- Theatrical release poster
- Directed by: Timothy McNeil
- Written by: Timothy McNeil
- Produced by: Micah Hauptman; Ofrit Peres; Louise Runge;
- Starring: John Carroll Lynch; Matt Bomer; Maura Tierney; Margot Bingham; Michael Boatman; Tanner Buchanan;
- Cinematography: James Laxton
- Edited by: Geraud Brisson; Andy Keir;
- Music by: Isley Reust
- Production companies: Chaotik; ONEZERO Films; Slendro Media;
- Distributed by: Great Point Media
- Release dates: June 17, 2017 (LA Film Festival); May 11, 2018 (United States);
- Running time: 94 minutes
- Country: United States
- Language: English

= Anything (film) =

Anything is a 2017 American romantic drama film directed and written by Timothy McNeil and starring John Carroll Lynch and Matt Bomer. The film is based on a play that the director had performed in December 2007 with the Elephant Theater Company in Los Angeles and that he also adapted for the film. It also stars Maura Tierney, Margot Bingham, Michael Boatman, Tanner Buchanan and Micah Hauptman in supporting roles.
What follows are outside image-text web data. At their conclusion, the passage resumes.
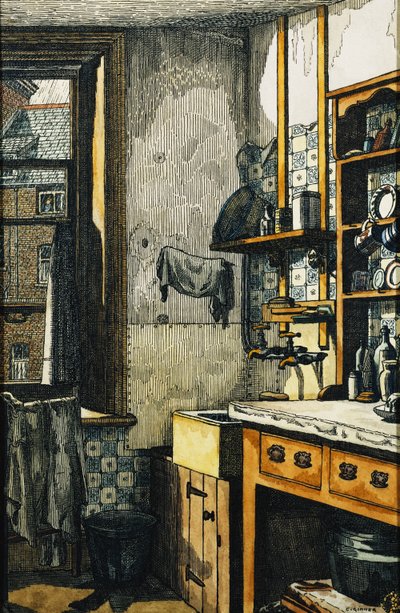 Hjørnet av kjøkkenet av Charles Ginner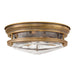 Hadley Medium Flush Mount in Brushed Bronze with Clear glass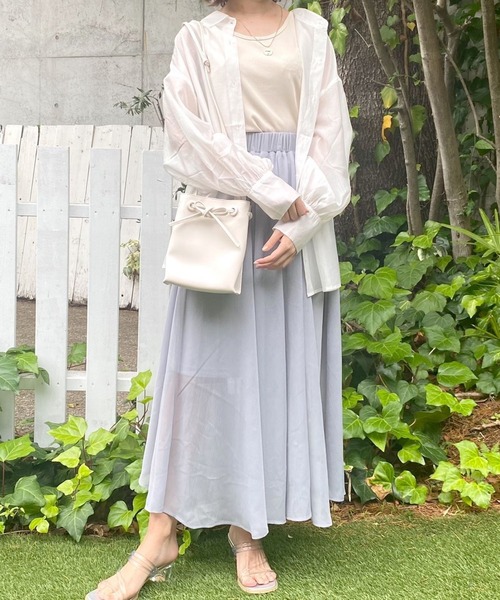 Heather(ヘザー)の「Heather mini タンクトップ 956277(タンクトップ・レディース・ブルー/イエロー系その他/ライトベージュ・FREE)」の5枚目の写真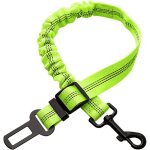 Ceinture de s�curit� pour chien voiture avec absorption des chocs durable r�glable elastique fils r�fl�chissan ...
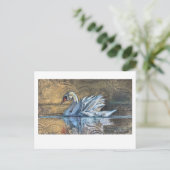 Die Swan-Malerei Postkarte (Stehend Vorderseite)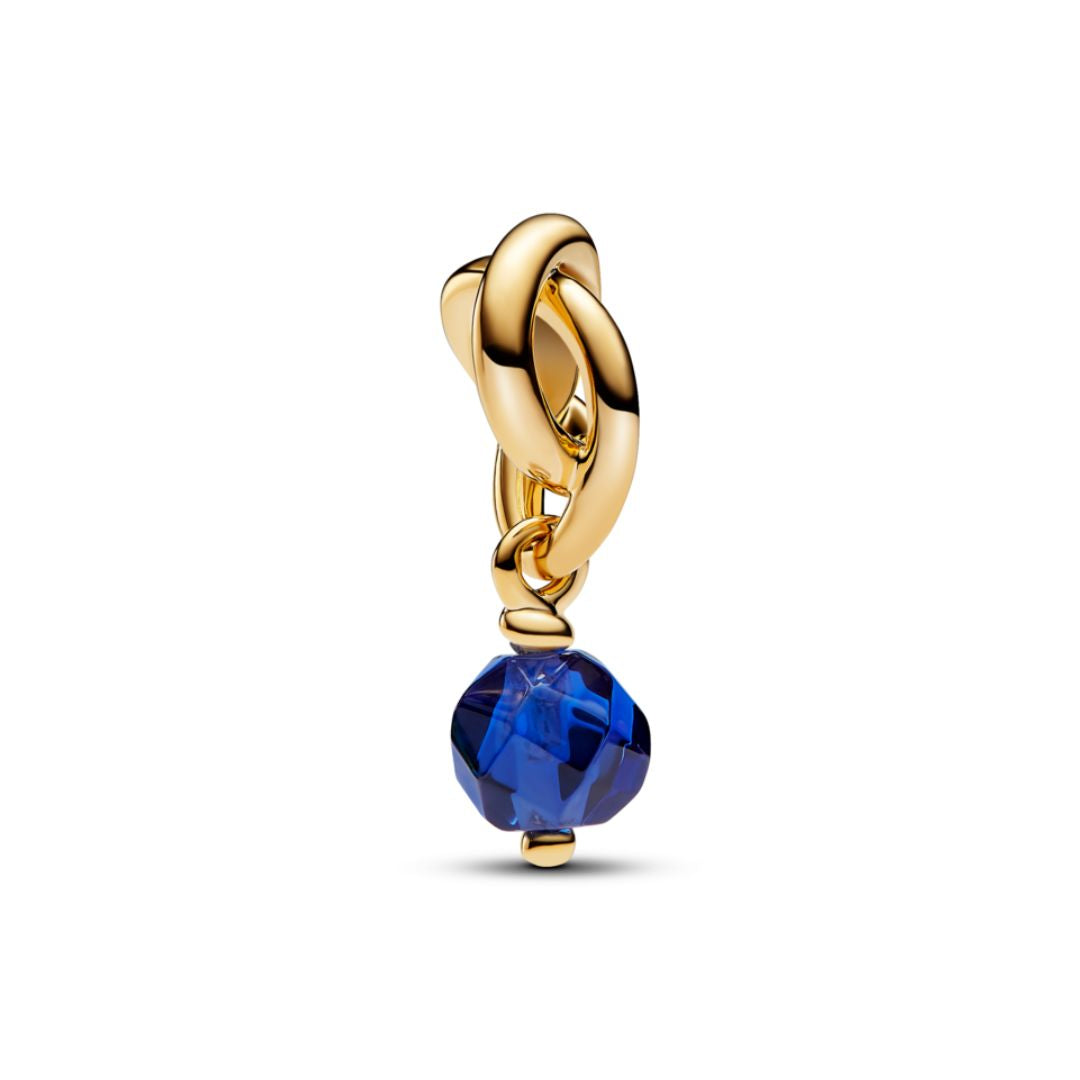 Pandora Moments September Blue Eternity Circle hela, keltakullattu, 763462C09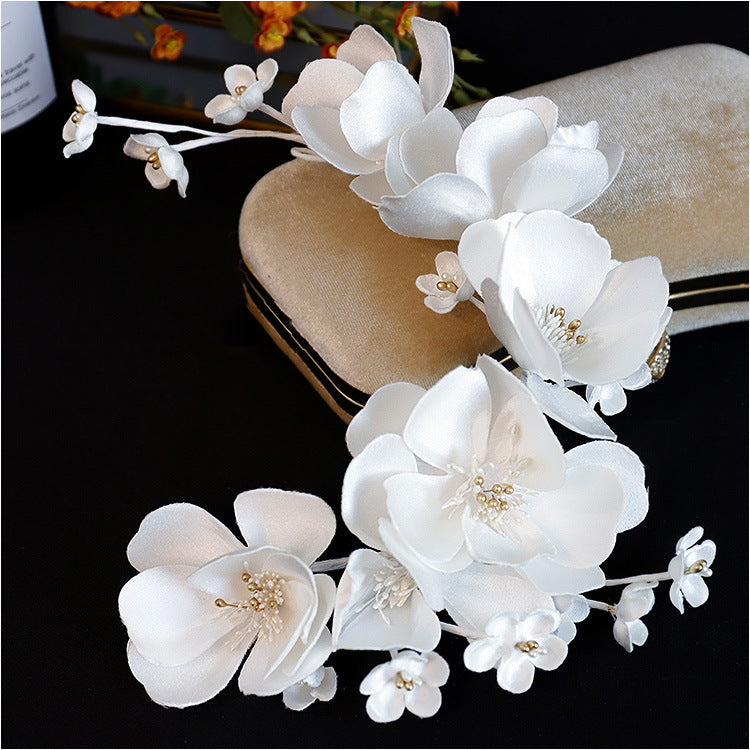New Fashion Handmade White Petal Headwear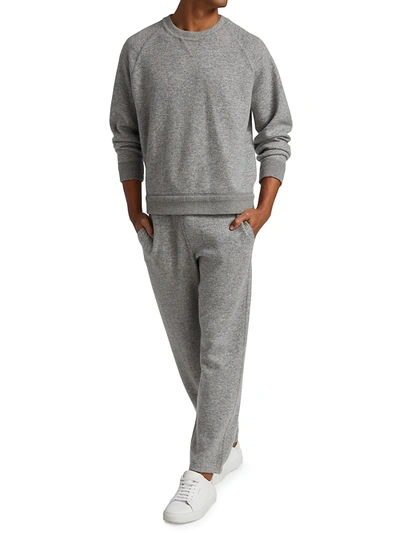 Shop Ermenegildo Zegna Crewneck Pull-over Sweatshirt In Grey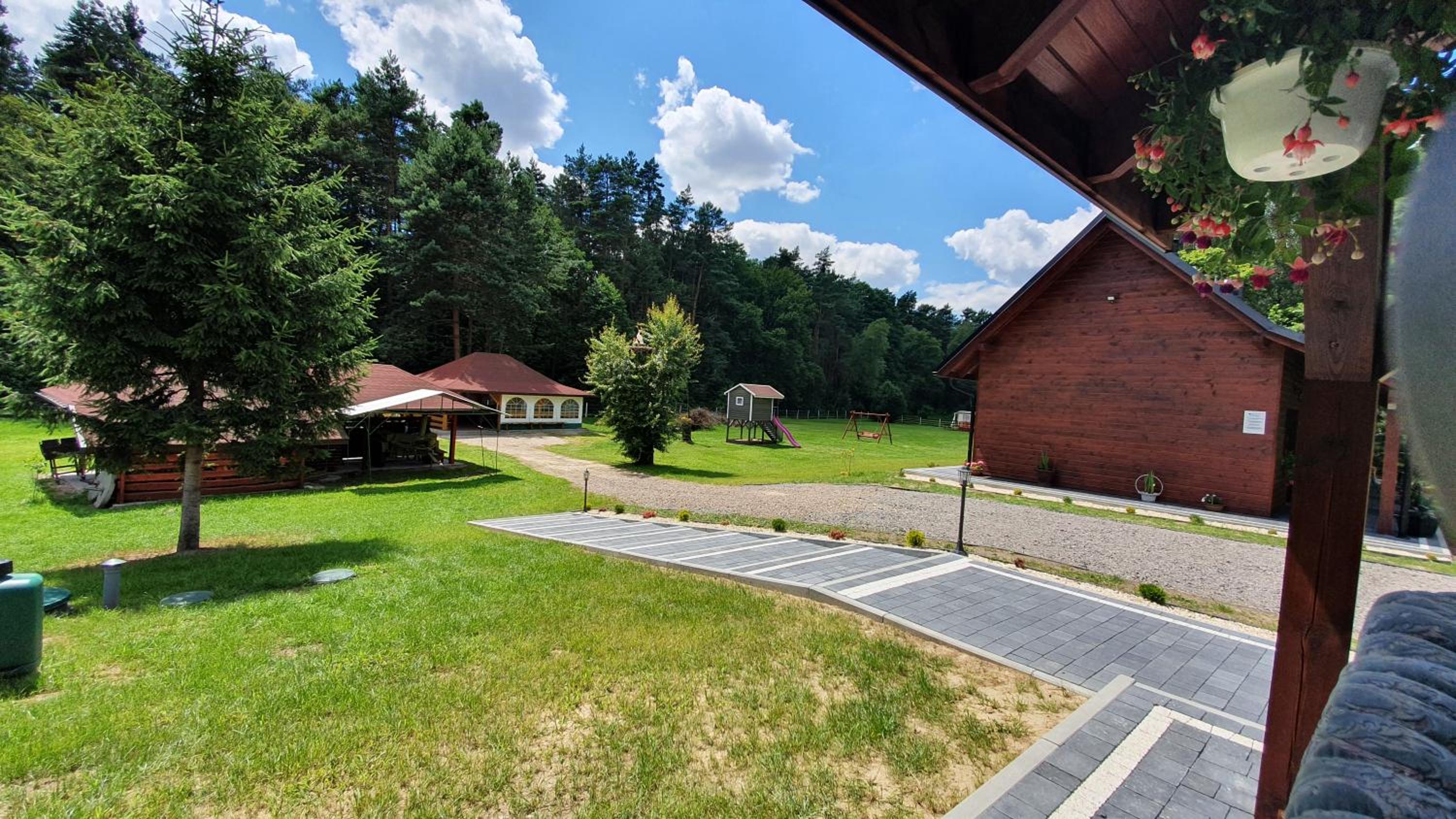 outdoor BBQ area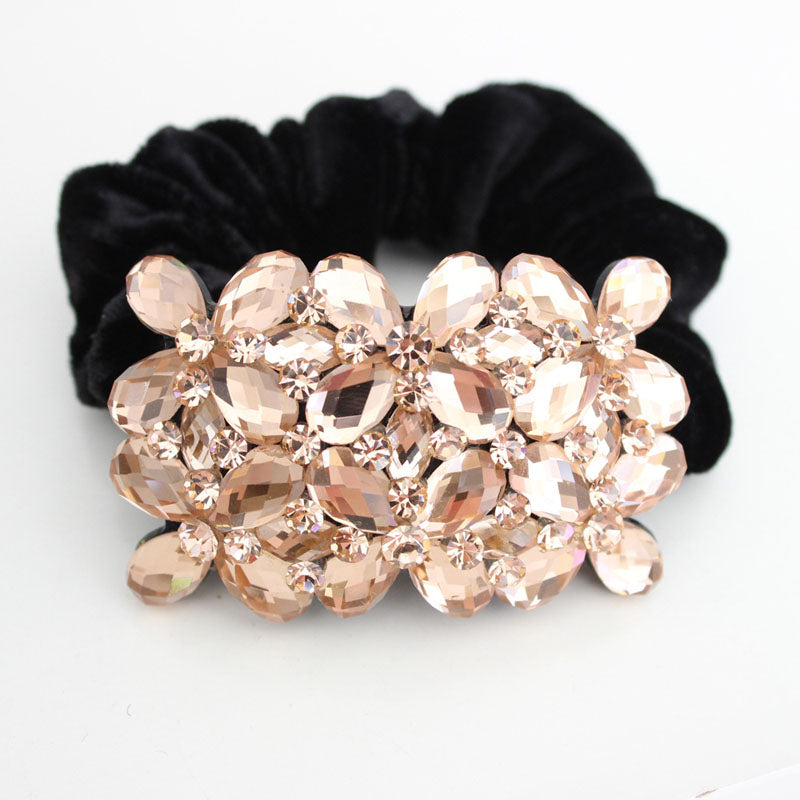 Flower Crystal Rhinestone 90s Hair Accessories Jewelry Ornament Tiara Rope online shop for Women Office Dance Weddding Party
The film was released at the LA Film Festival on June 17, 2017. It was released on May 11, 2018, by Great Point Media.

== Plot ==
Early Landry is a Mississippi widower reeling from the recent death of his wife. After a suicide attempt, he relocates to Los Angeles to be closer to his overprotective but well-intentioned sister, Laurette, and her family. He soon moves into an apartment of his own. In time, he is both equally intimidated and charmed by his Hollywood neighbors, especially Freda Von Rhenburg, a transgender sex worker. Before long, Early and Freda bond over their shared loneliness and past traumas, sparking a friendship and, eventually, a tentative romance.

== Cast ==
- John Carroll Lynch as Early Landry
- Matt Bomer as Freda Von Rhenburg
- Maura Tierney as Laurette Sachman
- Margot Bingham as Brianna
- Michael Boatman as Charles
- Tanner Buchanan as Jack Sachman
- Micah Hauptman as David

== Release ==
The film had its premiere at the Los Angeles Film Festival on June 17, 2017.

== Reception ==
===Critical response===
 In Metacritic, the film has a rating of 60 out of 100, based on 10 reviews, indicating "mixed or average" reviews.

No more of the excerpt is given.